>>>>

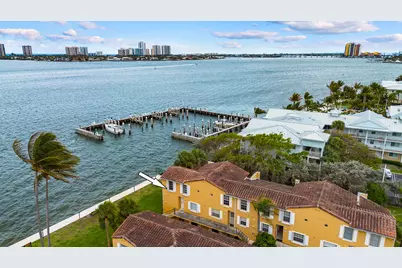 1060 Lake Shore Drive #201, West Palm Beach, FL 33403 - Photo 9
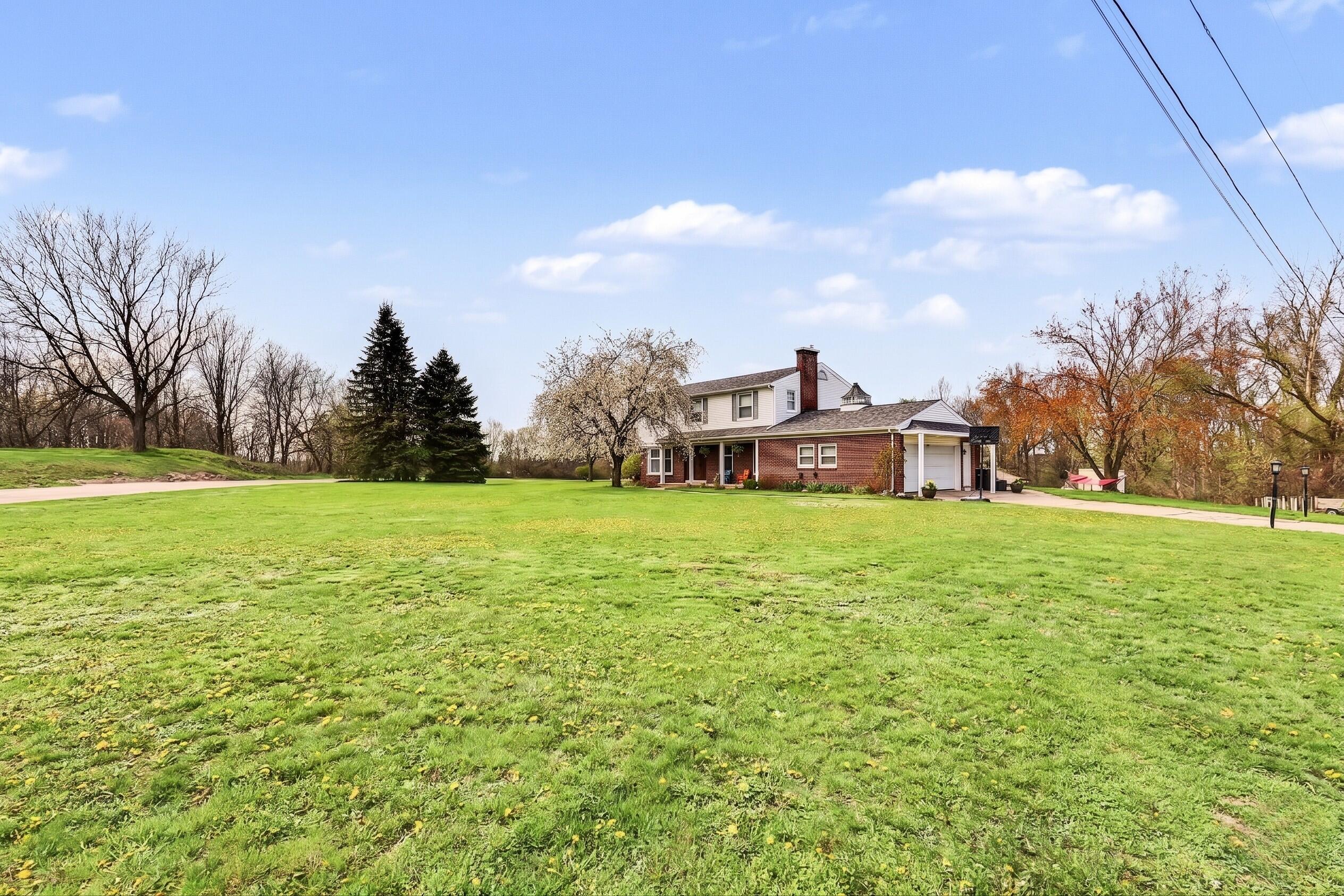 319 Greenridge Drive NW Grand Rapids MI 49544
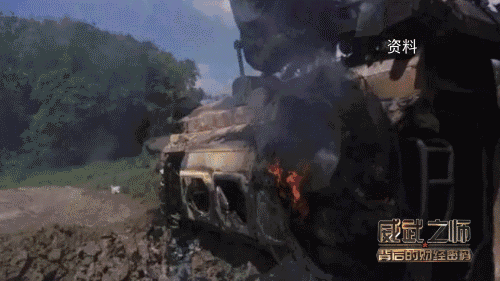 中國(guó)防雷車遭炸翻 車內(nèi)士兵安全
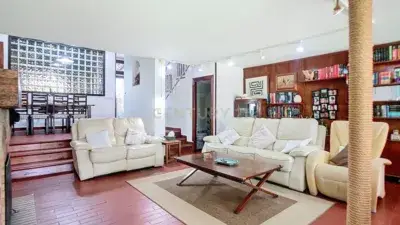 Chalet en Venta Costa del Sol: 4 Dorm, Piscina, Jardín, Pádel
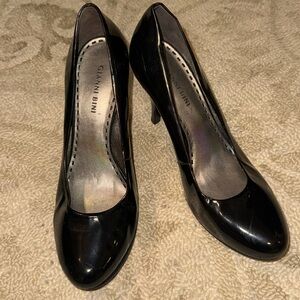 Gianni Bini Black Pumps size 9.5M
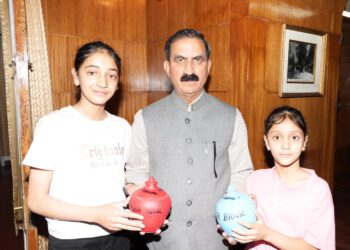 लोरेटो कॉन्वेंट तारा हॉल स्कूल की नन्हीं छात्राओं ने आपदा राहत कोष में किया अंशदान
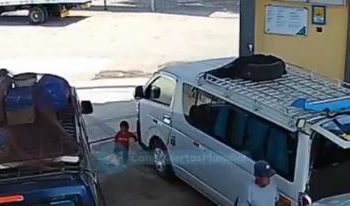 Bebé muere atropellado por combi en Perú y causa indignación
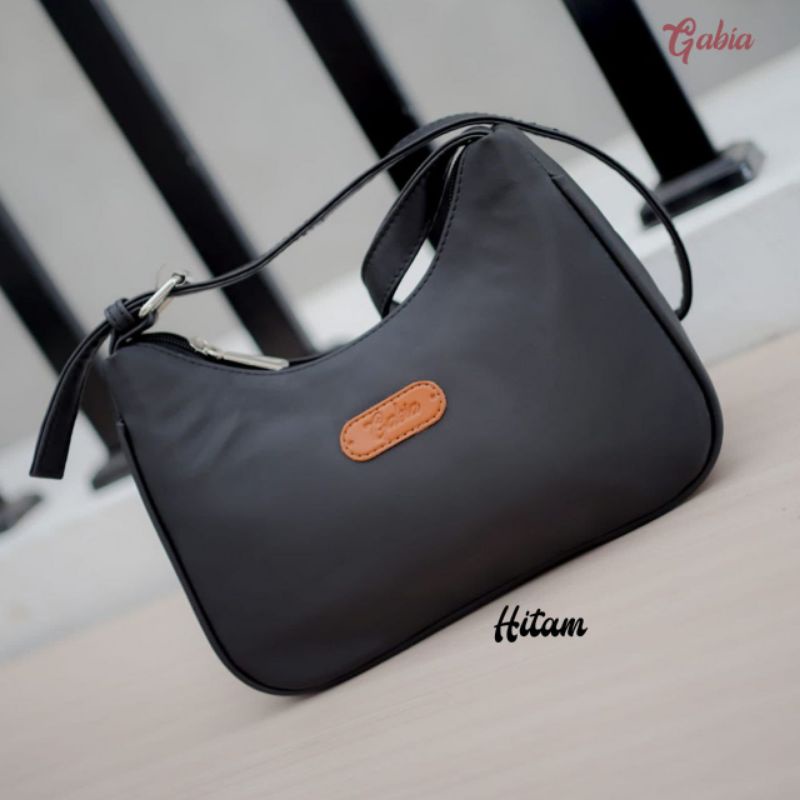 KYRA BAG BY GABIA / TAS KALULA / GABIA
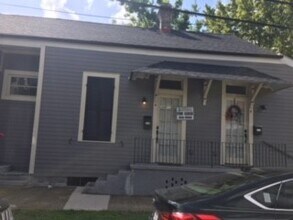 Building Photo - 4438-4440canal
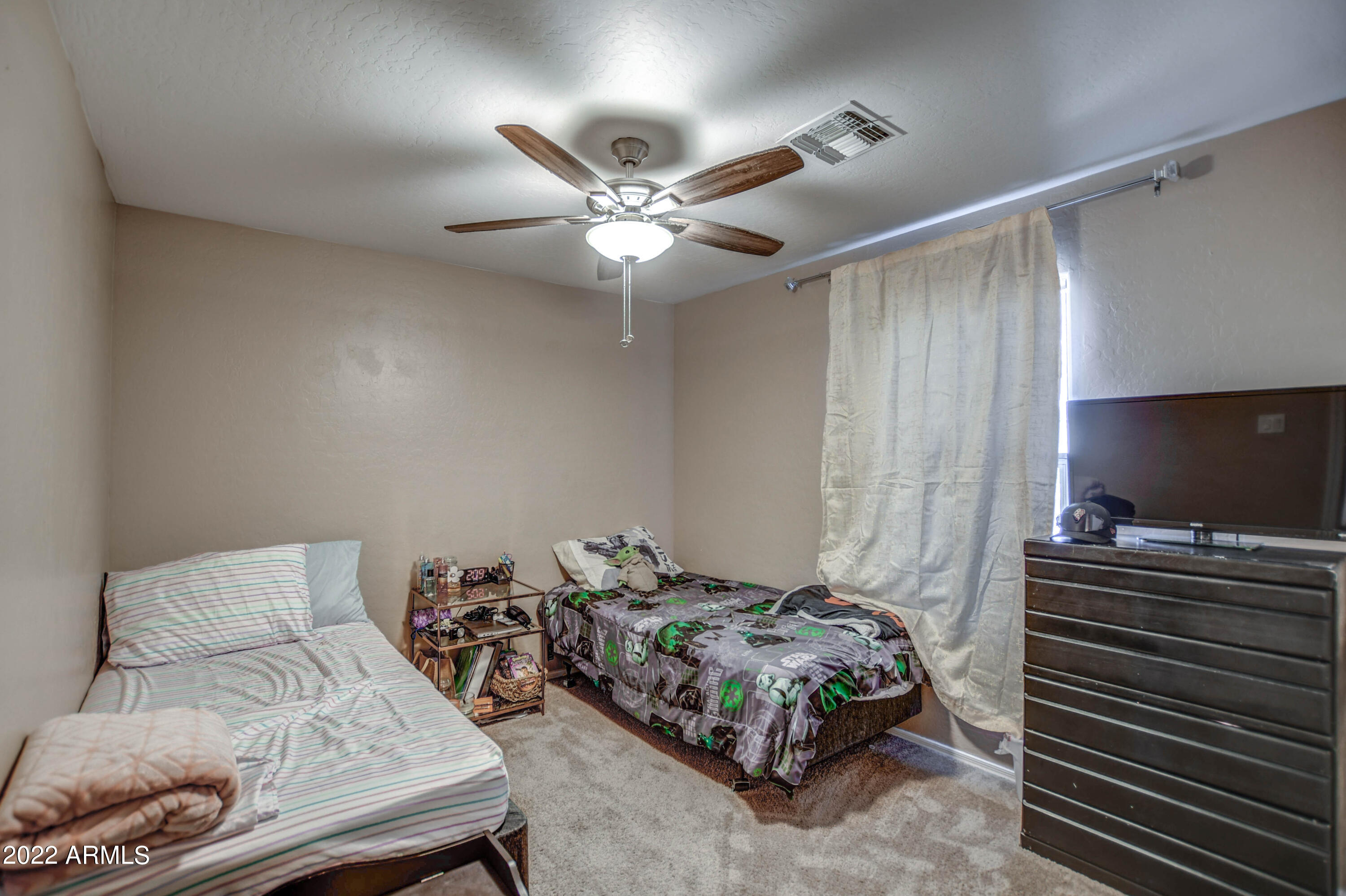 40654 N HIGH MEADOWS Drive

<<<<

| Problem requirements |
Leaving the pictures aside, write out the entries above exactly.

| Task solution |
 1060 Lake Shore Drive #201, West Palm Beach, FL 33403 - Photo 9
 319 Greenridge Drive NW Grand Rapids MI 49544
 中國(guó)防雷車遭炸翻 車內(nèi)士兵安全
 Chalet en Venta Costa del Sol: 4 Dorm, Piscina, Jardín, Pádel
 Gianni Bini Black Pumps size 9.5M
 लोरेटो कॉन्वेंट तारा हॉल स्कूल की नन्हीं छात्राओं ने आपदा राहत कोष में किया अंशदान
 Bebé muere atropellado por combi en Perú y causa indignación
 KYRA BAG BY GABIA / TAS KALULA / GABIA
 Building Photo - 4438-4440canal
 40654 N HIGH MEADOWS Drive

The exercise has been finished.